Edna Martinson follows a similar philosophy. She looks at a firm’s portfolio, the industries it invests in, and how it typically works with founders before pitching them. So far, she’s raised $2.07 million for her learning platform, Boddle.
Meanwhile, Yelitsa Jean-Charles, who’s raised a total of $1.5 million in funds, works only with investors who understand her perspective as an entrepreneur and respect her as a business owner. In 2015, she founded Healthy Root Dolls, a company that hopes to use dolls to teach natural-hair care to young children of color.
“Be mindful of how much time you have,” she said, “and the most valuable way to use it.”
Tiffany Kelly, the founder of the video-creation platform Curastory said programs such as the 2021 Techstars Sports Accelerator helped her explore fundraising methods and expand her network. What’s more, it helped her raise a $2.1 million pre-seed round in September.
But certain accelerators she attended were led by white men who gave fundraising techniques she had already tried as a Black female founder to no success.
While Martinson gained traction through pitch competitions and accelerator programs, she found it disappointing that women had to constantly use these methods to prove themselves.
“It’s almost like you need that to validate yourself before venture capitalists start looking at you,” she said, “whereas some of your other counterparts are able to go in with an idea and they are able to raise venture-capital funds all of a sudden.”
While these women provided advice for maneuvering the venture-capital scene, they stressed that the systemic hindrances and institutional structures within Silicon Valley had to change for any equitable progress to be made.
“You would have to undo a lot of bias,” Jean-Charles said. “Until those people are willing to put themselves in different spaces and look outside what they know, it’s not going to happen.”
Smith said it was imperative for funds to mentor and invest in historically underrepresented founders, as it’s a key way to remain competitive. And within that, Twumasi-Corson, the cofounder of Afrocenchix, wants to see more transparency among backers.
“Investors could make this fairer and increase their returns if they set out clear, transparent success metrics and stuck to them,” she said, “even when the founder doesn’t look like Mark Zuckerberg.”
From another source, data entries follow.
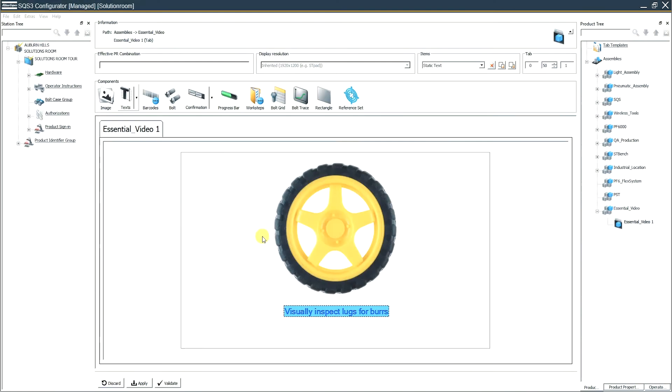Hi, I'm Jason Dubendorfer, IQS specialist on the marketing team. Today we're going to talk about SQS software. In this episode, we're going to add a manual acknowledgment button.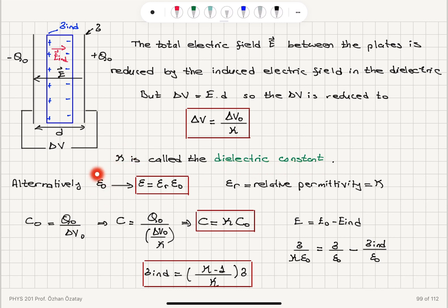The alternative view replaces the permittivity of free space with the permittivity ε = εᵣ·ε₀, where the relative permittivity εᵣ equals the dielectric constant kappa. The capacitance — charge stored per unit potential difference — is increased by a factor kappa.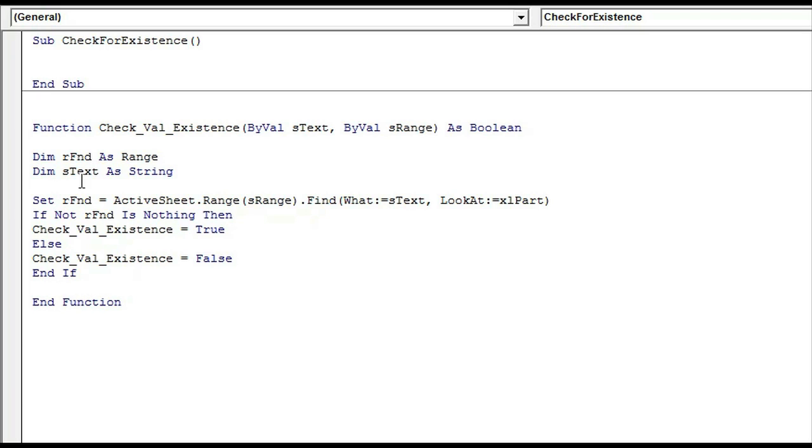I already wrote it down so you don't have to see me fidgeting with the keyboard while writing it for you, but I'll explain it.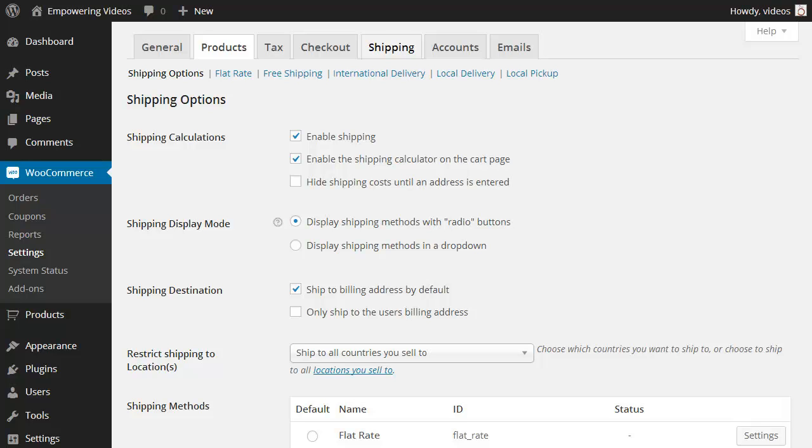If you're shipping a product, then the free version of WooCommerce supports a flat rate shipping option for domestic and international shipping, and a free shipping option. There are additional shipping methods available with extensions for this plugin.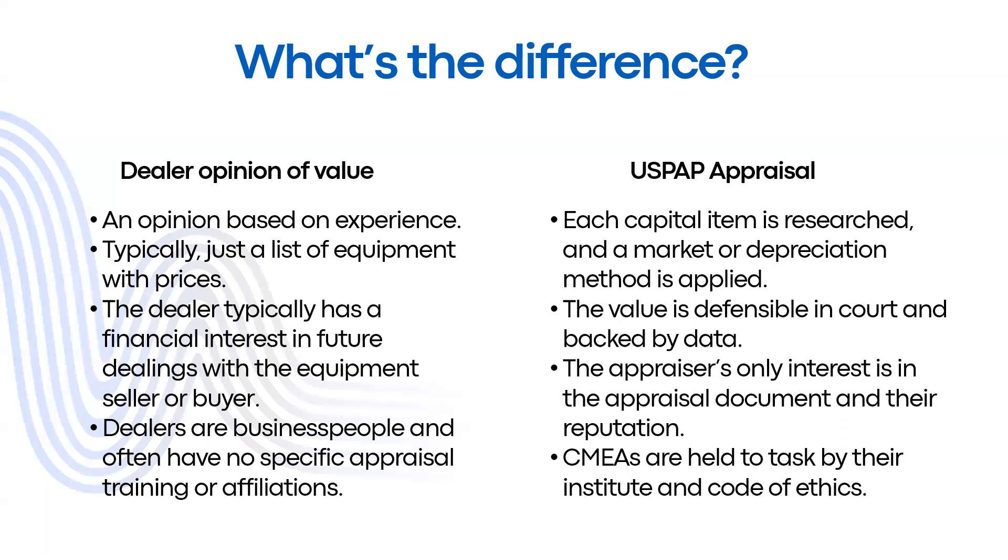These are the differences between what an equipment dealer might put together and a USPAP certified appraisal.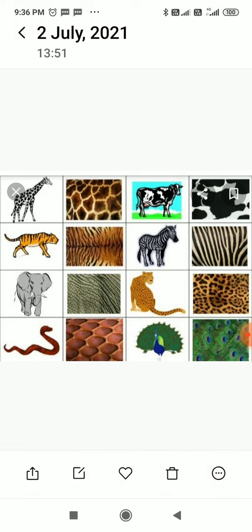So remember, the different patterns on animals are due to the hair on their skin. Please, children, practice the patterns of animals so that you can recognize the animals according to their pattern on the skin of their body. Thank you.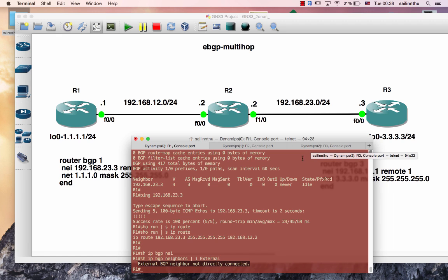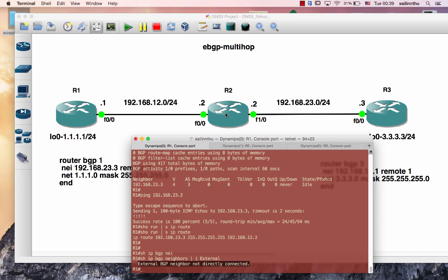This is a BGP router concept. By default, eBGP has a TTL value of 1, meaning the BGP neighbor must be directly connected. We need to fix the TTL value to allow multi-hop BGP sessions.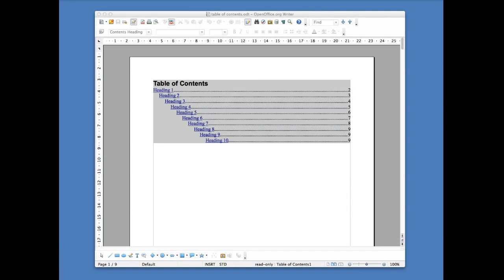Once you've finished formatting your OpenOffice document, you then need to publish it in a format that is compatible with creating an e-book.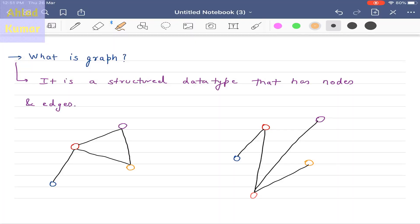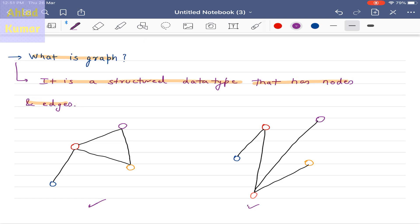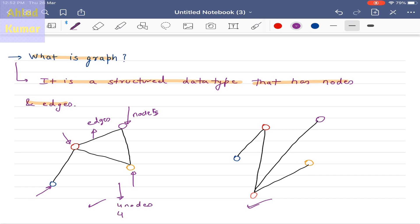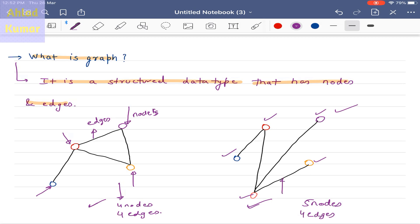Let's define what graphs are. Graphs are a structured data type that has nodes and edges. You can see two different examples here. Nodes are the points of the graph, and the links connecting them are called edges. In the first example we have four nodes and four edges, and in the second example we have five nodes and four edges as indicated by the black lines. So graphs are basically structured data types that have nodes and edges.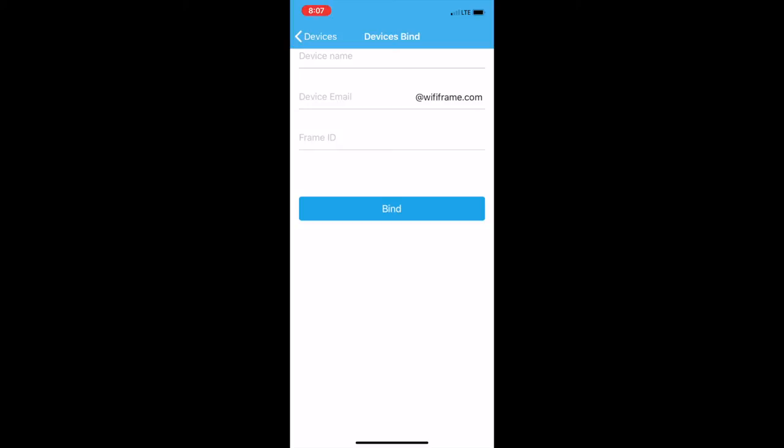You'll put in a device email, which will be a custom one you make. So put johnappleseed.wififrame.com or something like that. And then your frame has a unique code. It will tell in the manual. And you'll want to put that right here. Then you'll say Bind, and it'll say Bind Successful.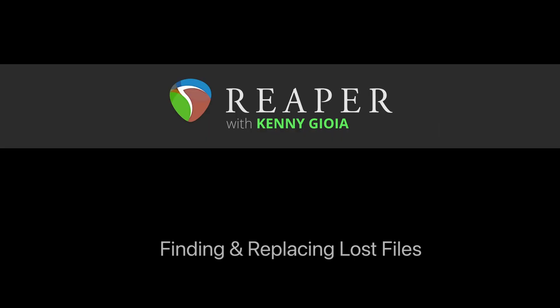So that's pretty much it. That's finding and replacing lost files in Reaper. Hope you learned something, hope you can use it, and I'll see you next time. Thanks.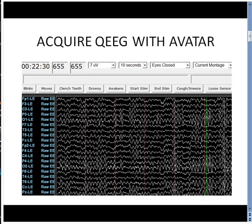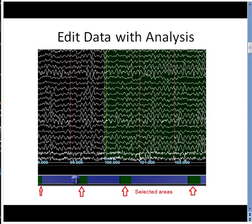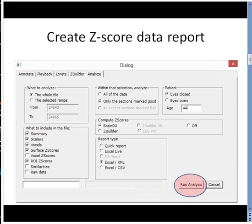To recap: first, we acquire QEEG data with Avatar. Second, we edit that data with Brain Master's software tool analysis. Third, we generate an XML report with Brain Analysis. The report will automatically be sent to the client folder.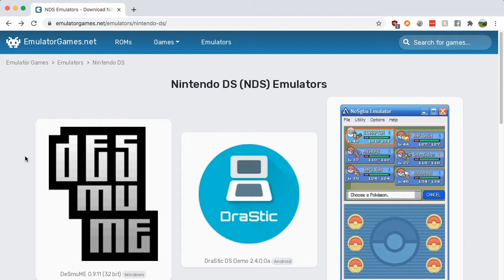Simply put in DS emulators and then click the emulatorgames.net search result.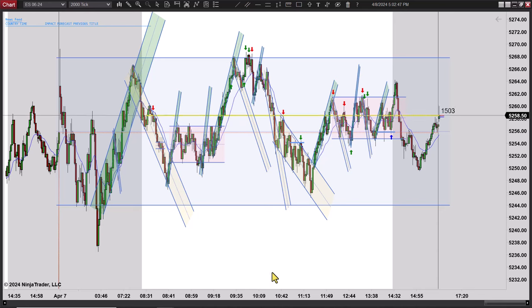Anyway, I'm going to wrap it up. We'll be back again to do it tomorrow. I'm done for today — this is Mac with PriceActionTradingSystem.com and we'll see you next time.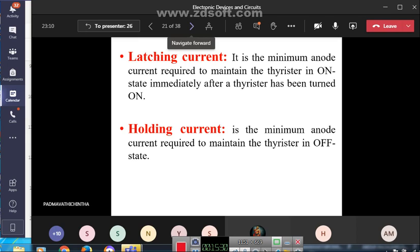Holding current is the minimum anode current required to maintain the thyristor in the off state. Latching current is the minimum anode current required to maintain the thyristor in the on state immediately after triggering.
You would have to undo a lot of bias. Until those people are willing to put themselves in different spaces and look outside what they know, it’s not going to happen.
Van Court, meanwhile, said venture-capital firms should meet specific diversity standards if they planned on receiving public and corporation pension funds. Some venture-capital firms get funding from government grants, as well as private entities such as university endowments and pension funds.
Van Court would also like to see firms implement a policy similar to the NFL’s Rooney Rule, which requires teams with head-coach vacancies to interview people of color for the open position. But even after the murder of Floyd, she said she and many of her peers were still experiencing the same roadblocks many in the sector promised to abandon.
“The proof in the pudding is going to take more than six months or a year to see,” she said. “It’s going to be what happens over the next five years, then what happens over the next 10.”
Miranda Perez contributing reporting.